景色は正常なものへと元通り――と言いたいところですが、違いました。
「奇麗……」
モイメさんは空を見て、そう呟きました。そのことにもとても納得がいきます。
雲の上でした。太陽が溢れんばかりの輝きを放ち、その存在感をたくましく主張していきます。気温はとても低いものと思われますが、特殊な空間になっているようで、寒いとすら思いません。
頂上はちょっとした平地になっており、広さはおよそ五十×五十の二千五百平方メートルほど。広いということはできませんが、人が住むには十分、と思いきや、ほとんど背景に同化して、白いドラゴンが横たわっていました。
あまりにも巨大。そして、先ほどまで私たちはその存在に気付かなかったというのにその巨体の放つオーラはすさまじく、大賢者の放っていたそれと酷似していました。モイメさんなんてその恐怖にやられ、その場に尻もちをついてしまっています。
テールイはというと、その姿を見て、少しだけ口角が上がっていました。しかも、その数秒後にはもう表情は戻っていますから、ついにはその原因はわかりません。
それから、この平地は垂直な崖の上に存在していて、普通の人間には登れないというのがよくわかります。

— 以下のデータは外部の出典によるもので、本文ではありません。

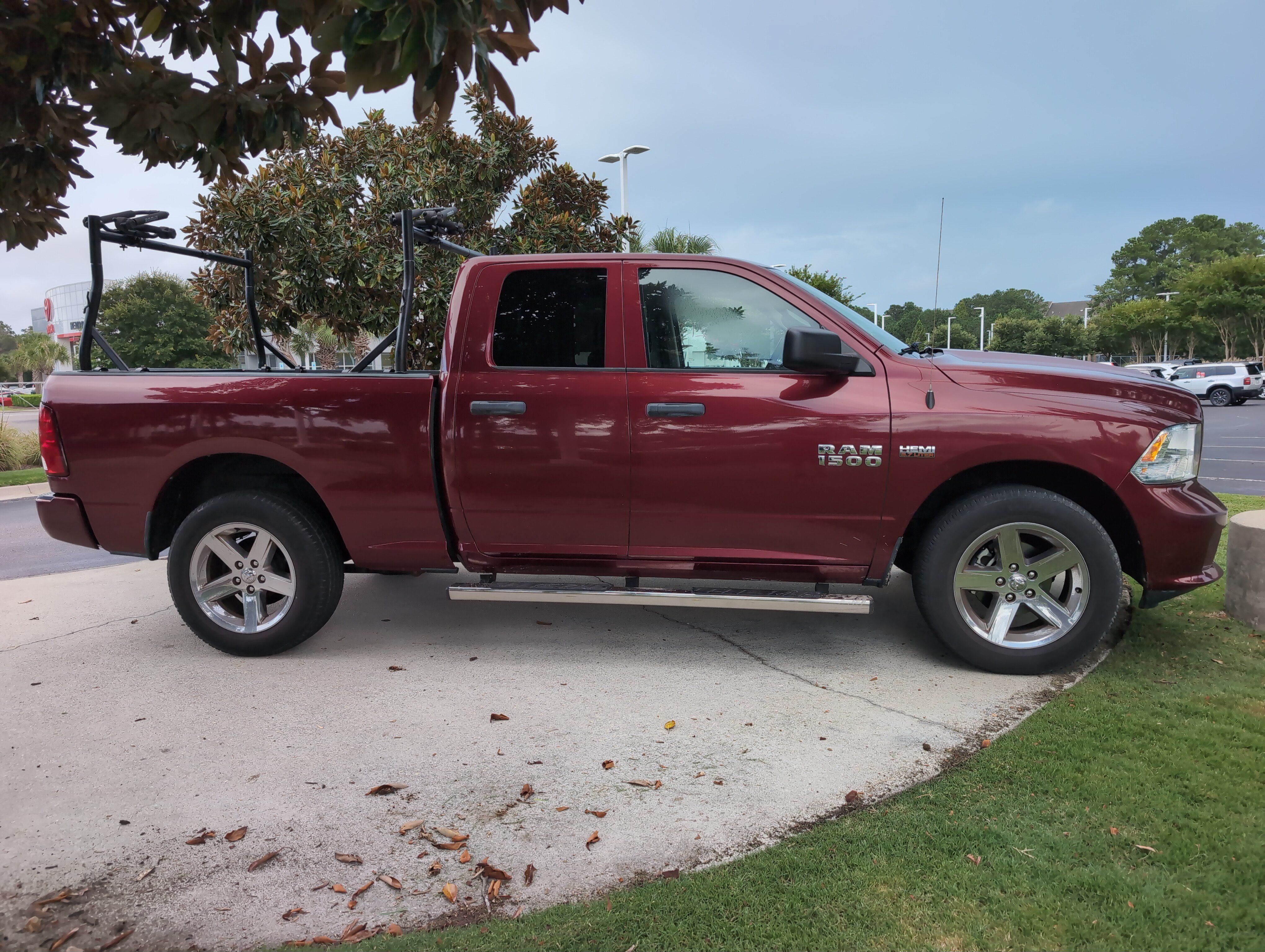 Used 2017 RAM 1500 Express w/ Express Value Package AWD/4WD image 11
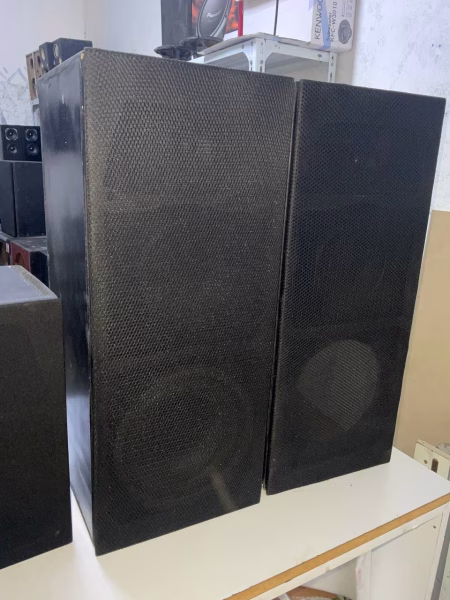 3 Way tower speakers with front grill cover - Image 3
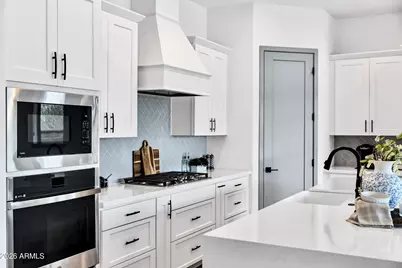 21333 W Hillcrest Boulevard, Buckeye, AZ 85396 - Photo 13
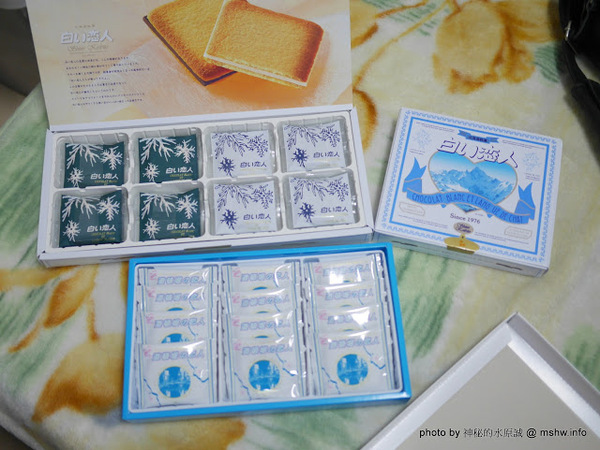 白色戀人：【食記】戀人巧克力正夯？! 北海道名物白い恋人&道頓堀の恋人 : 雖然其他品牌比較便宜, 不過還是乖乖買白色戀人好了XD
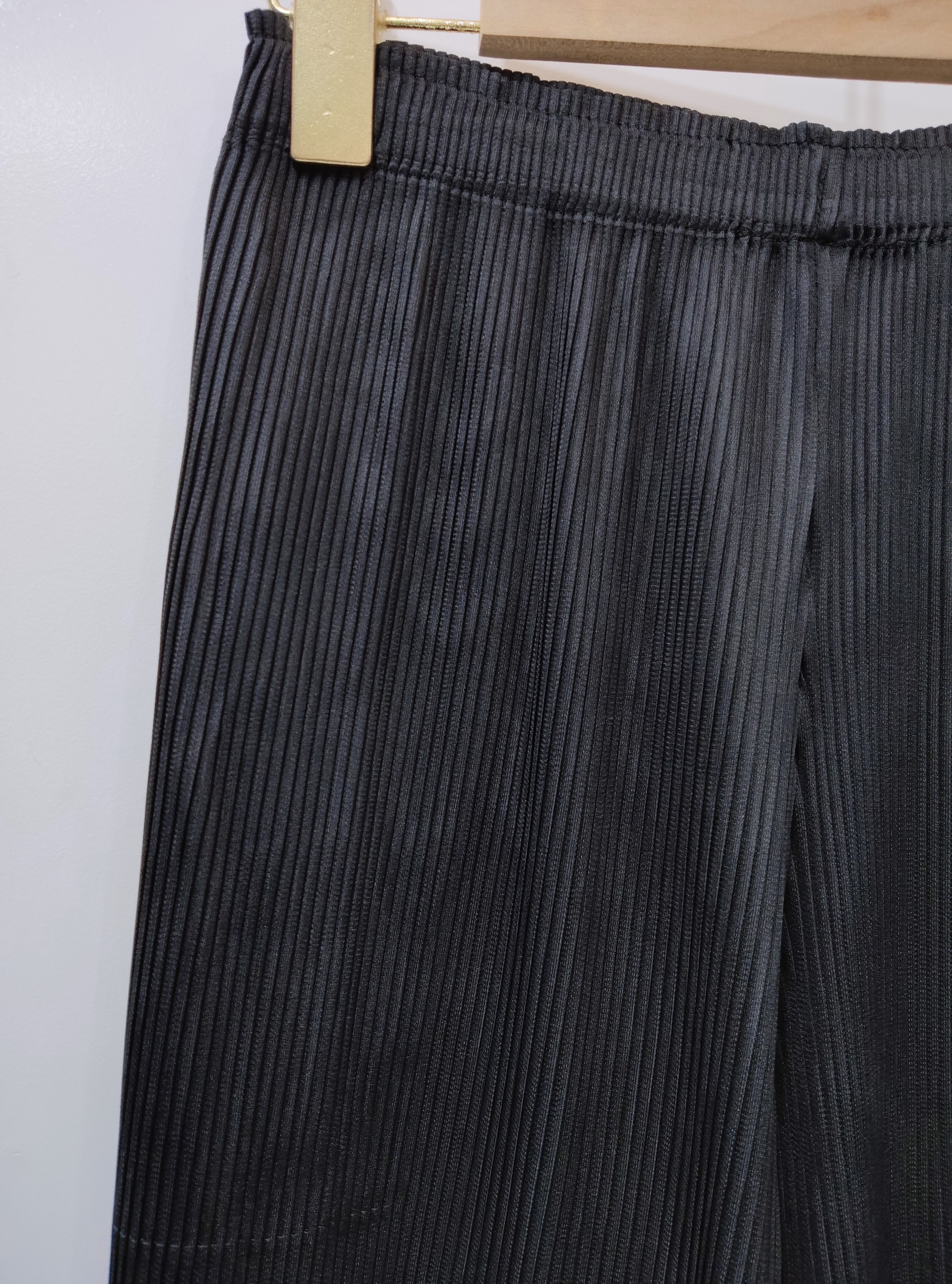 2MUAY รุ่น GM13010 / GM7023 HIGH NECK CAP SLEEVE PLEATED SET สีดำ FREE SIZE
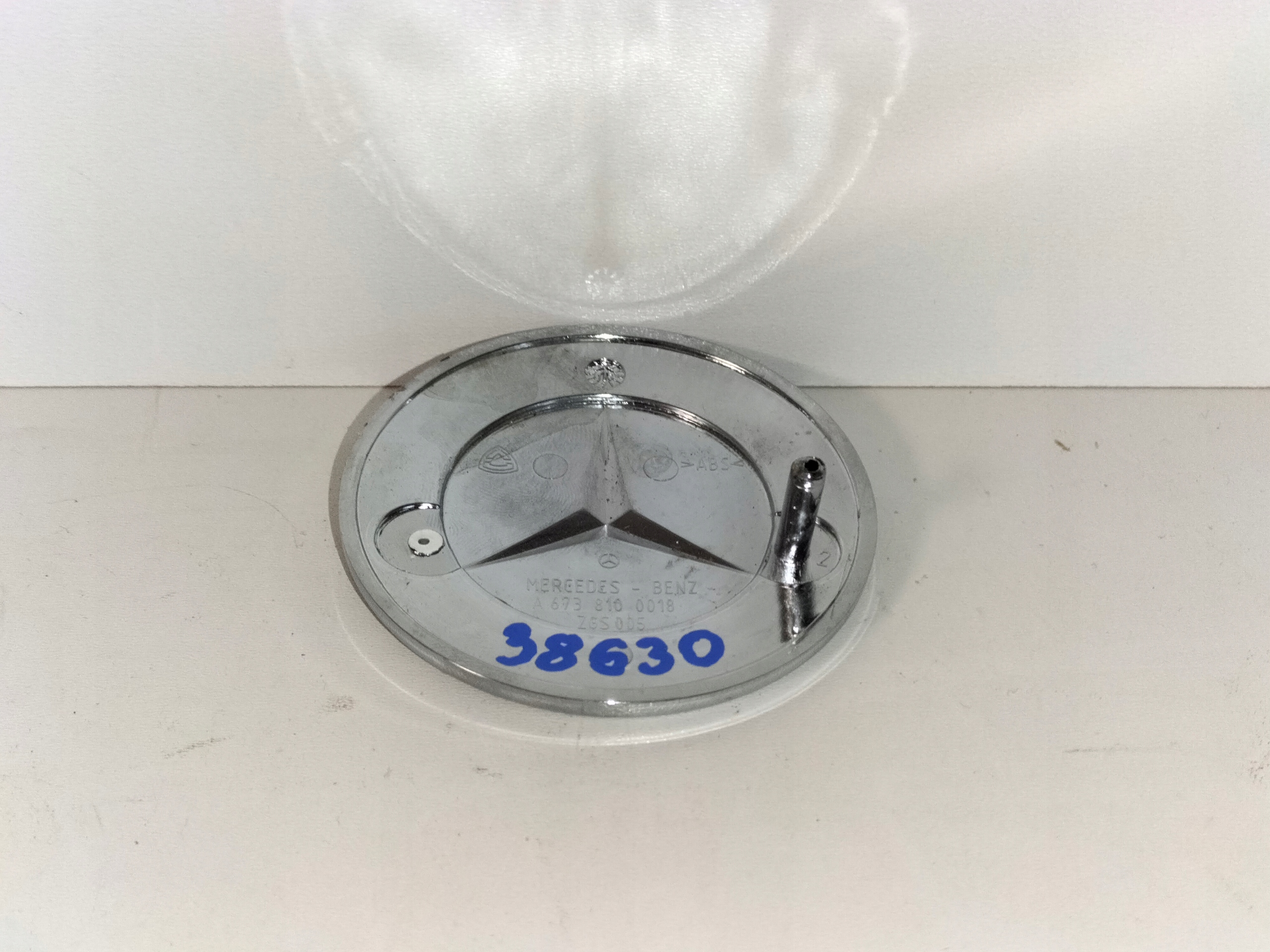 ZNAK EMBLEM LOGO ZNAK KAPOTY MERCEDES ATEGO ACTROS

「さて、話しをするかの。まず、シュワイヒナ・シュワナ。おぬしが正しい道へと進んだおかげで、この世界に可能性が生まれた。本来なら、転移者どもに力を託そうと思っていたが、使いこなせるかどうかはわからないからの。『天使』の力を扱える人間は『悪魔』の力を扱える人間だけなのじゃ」
「天使と悪魔は表裏一体ってことですか?」
「そもそも、悪魔がいて、天使がいないなどということはあり得んじゃろ。さて、その『天使』の力じゃが、佐倉凛が魔王化を果たせば、彼女に固有スキルは効かぬ。ゆえにネルべ・セイアリアスの能力『エレキショック』を用いて、記憶を削除して闇覚醒を解くなどということはできぬ。つまり、普通は彼女を止めることなど不可能じゃ。したがって、わしらはそれに代わる力が必要になる。それが『天使』の力なのじゃよ」
「天使の力……」
「わしが作った力じゃが、それ相応の人間にしか渡せぬし、なにしろトップシークレットの力じゃからそれも納得がいくというものじゃろう。さて、これからおぬしにはその時が来れば天使の力が発現するようになるのじゃが、とても大事なことが一つある。心して聴くがよい」
大賢者は常に笑っていたかのように思われましたが、その時、彼の表情はまっすぐとした真剣なまなざしへと変貌しました。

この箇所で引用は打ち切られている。